The character decoder and the HTML parser are implementations of the
WHATWG standards, and are available as
[separate](https://git.sr.ht/~bptato/chagashi)
[libraries](https://git.sr.ht/~bptato/chame).

Buffer processes decode and parse HTML documents asynchronously. When
bytes from the network are exhausted, the buffer will 1) partially
render the current document as-is, 2) return it to the pager so that the
user can interact with the document.

Character encoding detection is rather primitive; the list specified in
`encoding.document-charset` is enumerated until either no errors are
produced by the decoder, or no more charsets exist. In some extremely
rare edge cases, the document is re-downloaded from the cache, but this
pretty much never happens. (The most common case is that the UTF-8
validator just runs through the entire document without reporting
errors.)

The HTML parser then consumes the decoded (or validated) input buffer.
In some cases, a script calls document.write and then the parser is
called recursively. (Debugging this is not very fun.)

## JavaScript

QuickJS is used by both the pager as a scripting language, and by
buffers for running on-page scripts when JavaScript is enabled.

The core JS related functionality has been separated out into the
[Monoucha](https://git.sr.ht/~bptato/monoucha) library, so it can be
used outside of Chawan too.

### General

To avoid having to type out all the type conversion & error handling
code manually, we have JS pragmas to automagically turn Nim procedures
into JavaScript functions. (For details on the specific pragmas, see the
[manual](https://git.sr.ht/~bptato/monoucha/tree/master/doc/manual.md).)

(TODO: description of type conversion is somewhat outdated.)

The type conversion itself is handled by the overloaded toJS function
and the generic fromJS function. toJS returns a JSValue, the native
data type of QuickJS. fromJS returns a Result[T, JSError], which is
interpreted as follows:

* ok(T) is successful conversion.
* err(JSError) is an error in the conversion.
* ok(nil) for reference types is null. For non-nullable types, null is
  ok(none(T)).
* err(nil) is JS_EXCEPTION, i.e. an exception has been thrown and is
  being propagated.

An additional point of interest is reference types: ref types registered
with the registerType macro can be freely passed to JS, and the
function-defining macros set functions on their JS prototypes.

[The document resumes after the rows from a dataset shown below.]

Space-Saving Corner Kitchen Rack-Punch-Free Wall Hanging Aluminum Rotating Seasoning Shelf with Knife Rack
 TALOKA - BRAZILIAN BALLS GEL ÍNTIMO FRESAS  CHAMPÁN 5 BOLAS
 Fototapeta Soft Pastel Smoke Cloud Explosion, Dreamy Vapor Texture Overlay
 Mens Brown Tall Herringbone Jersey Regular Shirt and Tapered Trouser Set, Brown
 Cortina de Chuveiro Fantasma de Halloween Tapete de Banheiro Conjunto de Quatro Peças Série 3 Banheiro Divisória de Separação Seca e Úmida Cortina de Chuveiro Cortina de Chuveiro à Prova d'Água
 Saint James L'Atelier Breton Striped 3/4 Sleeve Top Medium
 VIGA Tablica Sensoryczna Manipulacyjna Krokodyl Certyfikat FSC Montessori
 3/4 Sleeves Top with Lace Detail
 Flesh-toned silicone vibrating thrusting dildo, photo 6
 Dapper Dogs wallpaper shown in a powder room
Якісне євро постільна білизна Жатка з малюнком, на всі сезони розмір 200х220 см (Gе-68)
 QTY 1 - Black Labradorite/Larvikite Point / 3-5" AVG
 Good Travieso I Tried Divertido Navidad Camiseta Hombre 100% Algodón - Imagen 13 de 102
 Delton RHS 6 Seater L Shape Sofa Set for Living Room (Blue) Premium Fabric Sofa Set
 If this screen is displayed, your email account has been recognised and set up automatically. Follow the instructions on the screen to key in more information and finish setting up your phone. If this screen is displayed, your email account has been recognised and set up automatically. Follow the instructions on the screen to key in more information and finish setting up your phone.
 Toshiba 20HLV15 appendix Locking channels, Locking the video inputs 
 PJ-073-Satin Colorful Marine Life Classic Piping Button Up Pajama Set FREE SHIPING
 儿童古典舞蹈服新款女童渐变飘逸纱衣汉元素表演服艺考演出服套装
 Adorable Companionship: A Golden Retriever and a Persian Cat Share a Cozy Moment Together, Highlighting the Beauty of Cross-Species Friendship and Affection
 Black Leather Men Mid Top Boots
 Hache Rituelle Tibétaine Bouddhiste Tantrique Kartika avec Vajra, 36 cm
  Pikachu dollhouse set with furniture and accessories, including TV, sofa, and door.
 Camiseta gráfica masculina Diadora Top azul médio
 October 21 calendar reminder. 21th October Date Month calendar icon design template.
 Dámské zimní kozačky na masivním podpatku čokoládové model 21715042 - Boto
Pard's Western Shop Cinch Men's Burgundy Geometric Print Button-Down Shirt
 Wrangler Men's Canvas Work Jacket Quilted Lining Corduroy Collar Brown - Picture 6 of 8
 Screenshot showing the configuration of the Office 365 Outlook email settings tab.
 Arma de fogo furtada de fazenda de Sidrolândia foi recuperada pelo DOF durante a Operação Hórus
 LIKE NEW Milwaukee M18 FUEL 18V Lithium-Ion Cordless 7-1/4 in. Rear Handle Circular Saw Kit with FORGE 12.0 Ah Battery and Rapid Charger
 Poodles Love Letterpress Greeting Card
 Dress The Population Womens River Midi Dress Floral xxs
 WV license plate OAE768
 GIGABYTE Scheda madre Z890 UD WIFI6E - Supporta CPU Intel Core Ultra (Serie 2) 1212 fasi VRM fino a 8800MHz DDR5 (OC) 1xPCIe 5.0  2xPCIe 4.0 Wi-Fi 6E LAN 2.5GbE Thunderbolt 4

When
a ref type is passed to JS, a shim JS object is associated with the
Nim object, and will remain in memory until neither Nim nor JS has
references to it.

This means that you can expose Nim objects to JS and take Nim objects
as arguments through the .jsfunc pragma (& friends) without having
to bother with manual reference counting. How this is achieved is
detailed below. (TODO: this probably belongs in the Monoucha manual...)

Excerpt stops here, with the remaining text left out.